Published on
9 min read

Authenticating with Google Cloud Platform from R

Authors

Introduction

We’ve seen in a previous post how to authenticate with Google Cloud Platform (GCP) using service account credentials. There are a few other ways to authenticate with the platform from R:

  • Through an interactive authentication process each time (calling bigrquery::bq_auth()/googleCloudStorageR::gcs_auth()/similar);
  • Caching the authentication token you get from your first interactive authentication process and re-using it each time you authenticate; or,
  • Through Google’s Application Default Credentials.

We’ll focus on the last two here since they are most useful for running non-interactive/automated workflows if you’re unable to get a service account.

I’ll be using the same OS and package versions as in Creating external tables in Google BigQuery using R.

Using cached credentials with gargle

This method makes use of the gargle R package to fetch an authentication token with the correct OAuth 2.0 scopes. This requires you to run the interactive process at least once, and you may need to run it again when your token expires.

  1. First, load gargle, then run gargle::token_fetch() with the scopes you’d like access to. Since I’ll mainly be working with BigQuery and Cloud Storage, I’ll pass in the scopes relevant to those services. See the full list of GCP OAuth 2.0 scopes here.
    • In the back-end, gargle::token_fetch() will run a list of credential functions in sequence (checking for existing OAuth 2.0 tokens, service/external account credentials, Application Default Credentials etc.) to first check if you have any existing authentication tokens. If it does not find any, it will run gargle::credentials_user_oauth2() which will kick off the process you’re about to see here. For more information on this, see this page in the documentation.
library(gargle)

scopes <- c(
  "https://www.googleapis.com/auth/bigquery",
  "https://www.googleapis.com/auth/cloud-platform"
)

token <- gargle::token_fetch(scopes = scopes)
  1. This will launch a process in your browser where you allow Tidyverse API Packages access to your account. Choose the account you want to use.
  1. At this stage the page will either return ”Authentication complete. Please close this page and return to R.”, or will provide you with an authorization code you can then copy and paste back into your R console. Once this is complete, the interactive process is done.
  2. You can then start using your bigrquery/googleCloudStorageR functions as normal, although they may prompt you as to whether you’d like to use an existing token for authentication.
    • To exercise more control over when this happens, we can pass our token explicitly to our authentication functions early in the process, e.g. bigrquery::bq_auth(token = token); googleCloudStorageR::gcs_auth(token = token)
    • If this is a project only you are working on, you can also pass an email to the auth functions which will bypass the manual prompt and always choose to use your cached token, e.g. gargle::token_fetch(email = ‘...’); bigrquery::bq_auth(email = ‘...’)
    • Otherwise, if working in an organisation with multiple users, you may need to search for cached tokens with email addresses of certain domain names. More info on this in the last section of this article.

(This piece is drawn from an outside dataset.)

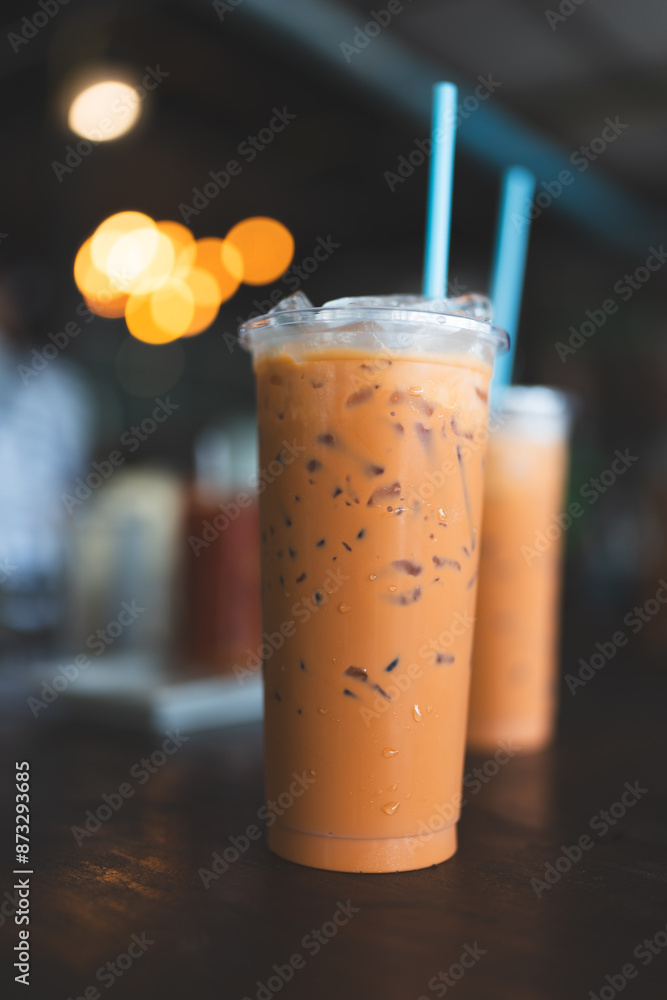 Realistic plastic cup of iced fresh Thai milk tea made from real tea leaves, popular menu in Thailand Realistic plastic cup of iced fresh Thai milk tea made from real tea leaves, popular menu in Thailand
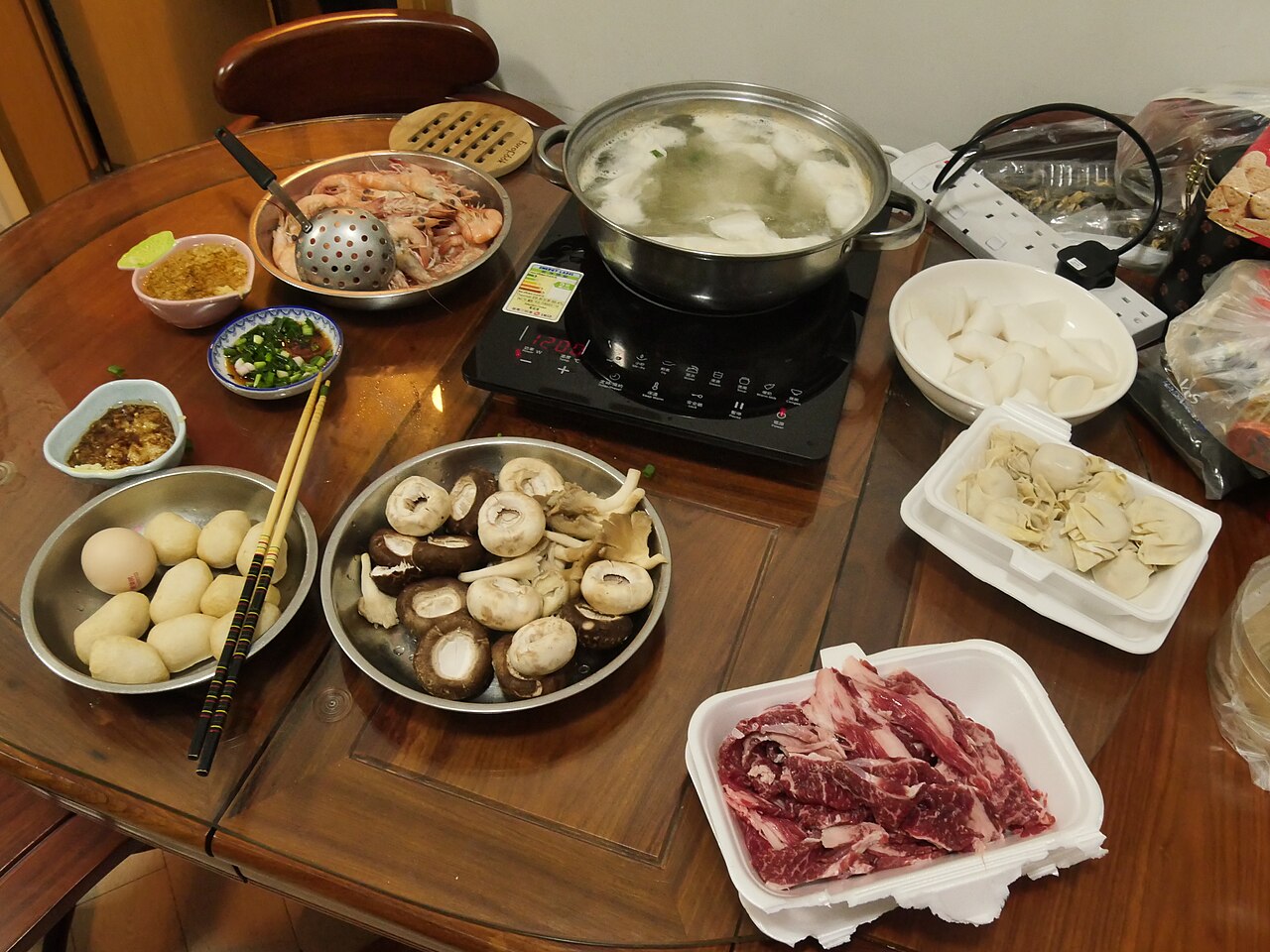 A bubbling Chinese steamboat surrounded by plates of raw meat, vegetables and dipping sauces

Once you’ve completed these steps, you’ve successfully cached an authentication token and gargle will now look for and load this token whenever you call a function that authenticates with GCP.

Application Default Credentials

Relying on a cached OAuth 2.0 token over the long term that may expire or invalidate may not be the best practice approach to authenticating with GCP. A better option (bar appropriately scoped service accounts) may be to utilise Google Application Default Credentials (ADCs).

Google’s authentication libraries commonly use Application Default Credentials (ADCs) as a best practice strategy to automatically find and manage credentials. In short, you save your ADCs to a specific location on your disk, then point all authentication processes from R to that location. Further documentation is available here.

  1. To generate Application Default Credentials, you will need to have the gsutil tool installed. Follow the instructions to install it here. I installed this on MacOS Sonoma 14.1.1 on an M1 chip which involved downloading the available package and running ./google-cloud-sdk/install.sh
  2. Once the install is finished, load a fresh terminal session and check if gsutil is available by running gcloud version

If gcloud can’t be found, you may need to reinstall it with different options.

  1. Run the following command in your terminal, which will provide you with a link. Copy this link into a browser, follow the prompts, then copy the provided authorization code back into the terminal and press Enter.
gcloud auth application-default login --no-launch-browser
  1. If this process completed correctly, you should see something like the following:
Credentials saved to file: [~/.config/gcloud/application_default_credentials.json]
  1. With your ADCs now correctly generated and saved, we can simply point gargle to it.
adc_path <- "~/.config/gcloud/application_default_credentials.json"
credentials <- gargle::credentials_app_default(scopes = scopes, path = adc_path)

bq_auth(token = credentials)
gcs_auth(token = credentials)

Putting it together

I’m creating a library of BigQuery/Cloud Storage-centric functions that will be used by a limited set of users within a small organisation. I want authentication with these platforms to be as simple and hands-off as possible for these users so that they can focus on the work that really matters instead of having to juggle authentication tokens.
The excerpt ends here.